The key technological nuance is that the Aerospike database allows Tapad to address memory as a “single level store” by deploying flash as a memory extension. While there may be a slight tradeoff in performance with this approach (relative to an all DRAM in-memory system), the cost benefits are so substantial that they outweigh pure in-memory alternatives.
It is becoming increasingly apparent to a group of practitioners within the Wikibon community that data management will evolve from today’s norm – where transactional databases are isolated from analytics systems and feed them in a batch manner – to a new situation where transactional data is fed to analytics systems and relevant decisions can be made in real time (defined as before you lose the customer).

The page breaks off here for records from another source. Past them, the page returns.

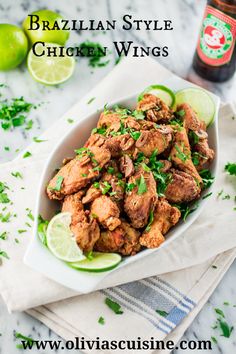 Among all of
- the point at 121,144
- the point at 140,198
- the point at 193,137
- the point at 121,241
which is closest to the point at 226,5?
the point at 193,137

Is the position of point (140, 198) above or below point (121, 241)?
above

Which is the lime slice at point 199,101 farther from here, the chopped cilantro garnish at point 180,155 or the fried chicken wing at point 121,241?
the fried chicken wing at point 121,241

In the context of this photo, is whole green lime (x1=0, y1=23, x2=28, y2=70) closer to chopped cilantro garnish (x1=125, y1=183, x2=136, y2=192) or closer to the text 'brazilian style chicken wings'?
the text 'brazilian style chicken wings'

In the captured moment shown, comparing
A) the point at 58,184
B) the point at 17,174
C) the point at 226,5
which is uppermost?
the point at 226,5

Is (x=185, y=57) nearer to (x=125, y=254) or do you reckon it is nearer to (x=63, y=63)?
(x=63, y=63)

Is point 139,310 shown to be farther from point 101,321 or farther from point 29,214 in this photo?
point 29,214

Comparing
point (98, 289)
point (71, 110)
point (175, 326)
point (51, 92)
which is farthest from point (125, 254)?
point (51, 92)

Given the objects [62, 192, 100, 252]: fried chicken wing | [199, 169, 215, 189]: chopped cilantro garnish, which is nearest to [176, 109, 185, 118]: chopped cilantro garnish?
[199, 169, 215, 189]: chopped cilantro garnish

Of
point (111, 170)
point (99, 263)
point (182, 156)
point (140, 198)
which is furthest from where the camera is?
point (182, 156) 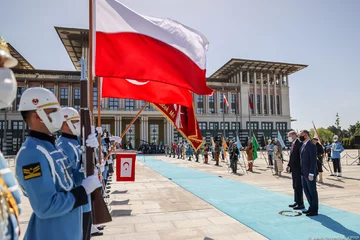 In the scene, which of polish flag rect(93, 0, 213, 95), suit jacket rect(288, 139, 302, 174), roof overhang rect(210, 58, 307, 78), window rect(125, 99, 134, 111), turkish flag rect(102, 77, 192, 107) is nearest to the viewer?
polish flag rect(93, 0, 213, 95)

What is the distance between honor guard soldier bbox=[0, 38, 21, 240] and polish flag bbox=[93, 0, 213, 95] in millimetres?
3038

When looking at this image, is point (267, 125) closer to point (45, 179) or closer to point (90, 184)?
point (90, 184)

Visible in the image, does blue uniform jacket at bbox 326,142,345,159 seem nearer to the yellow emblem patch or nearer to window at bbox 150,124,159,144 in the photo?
the yellow emblem patch

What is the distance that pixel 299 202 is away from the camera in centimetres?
674

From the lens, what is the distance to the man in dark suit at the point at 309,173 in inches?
242

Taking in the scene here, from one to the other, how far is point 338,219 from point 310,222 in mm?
715

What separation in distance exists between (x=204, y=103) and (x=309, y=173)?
53.2m

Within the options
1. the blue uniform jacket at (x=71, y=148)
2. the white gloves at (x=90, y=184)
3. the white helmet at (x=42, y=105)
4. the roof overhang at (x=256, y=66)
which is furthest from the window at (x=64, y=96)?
the white gloves at (x=90, y=184)

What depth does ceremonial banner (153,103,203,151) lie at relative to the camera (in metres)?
6.33

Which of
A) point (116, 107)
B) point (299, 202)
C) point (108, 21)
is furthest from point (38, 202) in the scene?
point (116, 107)

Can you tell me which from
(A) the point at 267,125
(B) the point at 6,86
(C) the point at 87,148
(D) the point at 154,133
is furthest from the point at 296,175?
(A) the point at 267,125

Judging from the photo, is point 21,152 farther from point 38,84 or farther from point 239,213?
point 38,84

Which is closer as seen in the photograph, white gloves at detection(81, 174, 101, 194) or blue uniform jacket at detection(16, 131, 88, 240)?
blue uniform jacket at detection(16, 131, 88, 240)

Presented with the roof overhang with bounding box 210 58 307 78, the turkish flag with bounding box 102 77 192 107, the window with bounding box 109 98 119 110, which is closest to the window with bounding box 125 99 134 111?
the window with bounding box 109 98 119 110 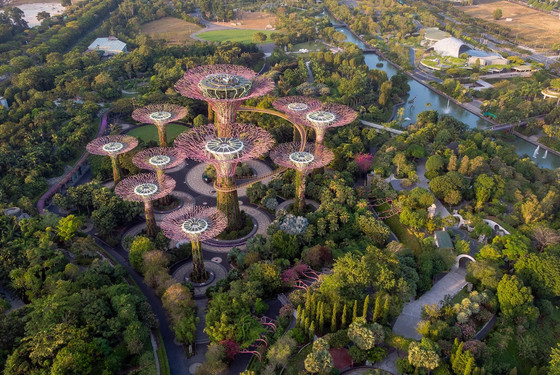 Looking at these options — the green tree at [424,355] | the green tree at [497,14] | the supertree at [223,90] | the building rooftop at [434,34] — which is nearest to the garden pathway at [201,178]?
the supertree at [223,90]

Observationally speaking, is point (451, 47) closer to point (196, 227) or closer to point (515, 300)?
point (515, 300)

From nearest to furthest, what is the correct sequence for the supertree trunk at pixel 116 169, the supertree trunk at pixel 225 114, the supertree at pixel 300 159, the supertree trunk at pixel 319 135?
the supertree at pixel 300 159 → the supertree trunk at pixel 225 114 → the supertree trunk at pixel 319 135 → the supertree trunk at pixel 116 169

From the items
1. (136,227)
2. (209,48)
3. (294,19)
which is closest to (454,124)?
(136,227)

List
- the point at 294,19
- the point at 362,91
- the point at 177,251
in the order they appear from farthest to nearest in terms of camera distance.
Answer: the point at 294,19, the point at 362,91, the point at 177,251

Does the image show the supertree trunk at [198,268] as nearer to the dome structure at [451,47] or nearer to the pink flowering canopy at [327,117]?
the pink flowering canopy at [327,117]

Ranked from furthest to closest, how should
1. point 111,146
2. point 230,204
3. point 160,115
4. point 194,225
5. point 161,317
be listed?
point 160,115, point 111,146, point 230,204, point 194,225, point 161,317

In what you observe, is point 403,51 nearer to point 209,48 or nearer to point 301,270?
point 209,48

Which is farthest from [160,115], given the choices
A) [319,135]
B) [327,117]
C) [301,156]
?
[327,117] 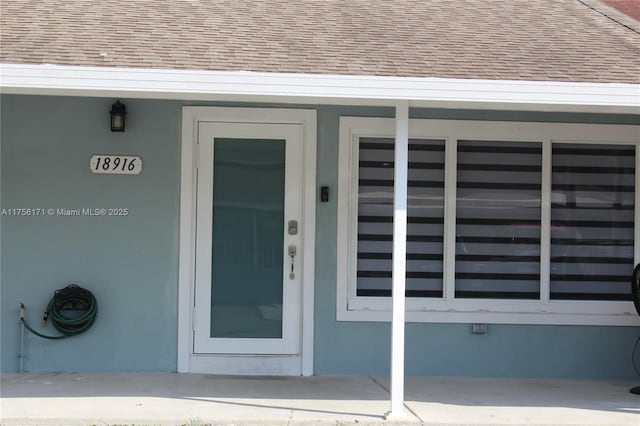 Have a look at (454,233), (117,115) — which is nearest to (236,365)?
(454,233)

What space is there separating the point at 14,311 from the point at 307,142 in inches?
125

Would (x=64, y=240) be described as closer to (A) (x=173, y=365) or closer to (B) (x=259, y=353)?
(A) (x=173, y=365)

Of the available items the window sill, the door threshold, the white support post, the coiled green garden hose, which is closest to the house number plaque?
the coiled green garden hose

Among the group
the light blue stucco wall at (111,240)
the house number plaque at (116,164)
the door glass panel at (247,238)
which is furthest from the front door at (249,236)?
the house number plaque at (116,164)

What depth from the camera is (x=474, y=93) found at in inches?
245

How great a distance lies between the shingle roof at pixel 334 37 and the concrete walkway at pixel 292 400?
8.57 feet

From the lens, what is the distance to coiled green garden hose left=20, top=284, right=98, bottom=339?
25.6ft

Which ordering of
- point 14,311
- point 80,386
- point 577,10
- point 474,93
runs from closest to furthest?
point 474,93
point 80,386
point 14,311
point 577,10

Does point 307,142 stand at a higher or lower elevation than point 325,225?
higher

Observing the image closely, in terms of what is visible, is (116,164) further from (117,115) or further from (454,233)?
(454,233)

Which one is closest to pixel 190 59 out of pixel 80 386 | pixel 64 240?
pixel 64 240

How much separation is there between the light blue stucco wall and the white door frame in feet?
0.25

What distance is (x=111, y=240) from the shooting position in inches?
314

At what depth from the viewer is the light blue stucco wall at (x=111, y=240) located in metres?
7.92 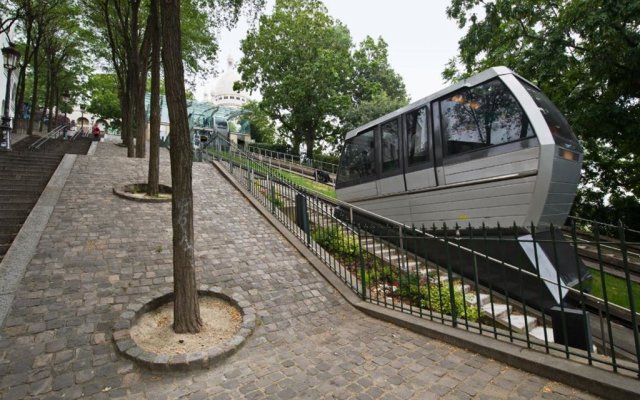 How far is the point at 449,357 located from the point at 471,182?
3476 millimetres

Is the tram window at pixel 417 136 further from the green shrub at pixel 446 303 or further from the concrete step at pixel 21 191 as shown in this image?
the concrete step at pixel 21 191

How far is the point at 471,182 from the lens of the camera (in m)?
6.19

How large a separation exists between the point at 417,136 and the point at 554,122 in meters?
2.56

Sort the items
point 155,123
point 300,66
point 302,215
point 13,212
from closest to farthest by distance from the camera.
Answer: point 13,212 → point 302,215 → point 155,123 → point 300,66

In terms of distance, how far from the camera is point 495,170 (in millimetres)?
5801

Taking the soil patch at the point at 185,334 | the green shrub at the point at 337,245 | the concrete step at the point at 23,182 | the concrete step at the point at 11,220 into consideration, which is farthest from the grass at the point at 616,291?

Technology vendors are going to market with two dominant approaches to this trend, including:
- Do the heavy transaction lifting on our “big iron” system then ship them to our expensive data warehouse, and we’ll do the “real-time” processing;
- Systems such as Aerospike that have the potential to unify transactional and analytic data to allow machines to make decisions.
We see the latter as the next generation approach with a much greater ability to deliver tangible business value at scale. There are caveats. In particular use of such systems will forego traditional rich SQL functionality, so practitioners should identify use cases where such capabilities are not needed. Often these are ad-serving or emerging social analytics applications as well as certain risk and fraud use cases in financial services. In addition, to the extent that flash is used as a memory extension, business cases that extend over three years or more should assume flash systems will need to be replaced due to wear out factors from these demanding workloads. Nonetheless, in many cases these added costs are inconsequential relative to overall business value.
Action Item: Innovative suppliers of database and data management technologies are finding new opportunities within so-called Big, Fast data markets-- i.e. those that feed transaction data into analytics systems in "real-time." Increasingly, this unified approach will drive greater levels of business value, and traditional vendors must find ways to compete without a "Big Iron" dogma. Specifically, suppliers must design next gen systems that leverage flash as an extension of memory to provide predictable and consistent performance at dramatically lower costs than pure in-memory database systems.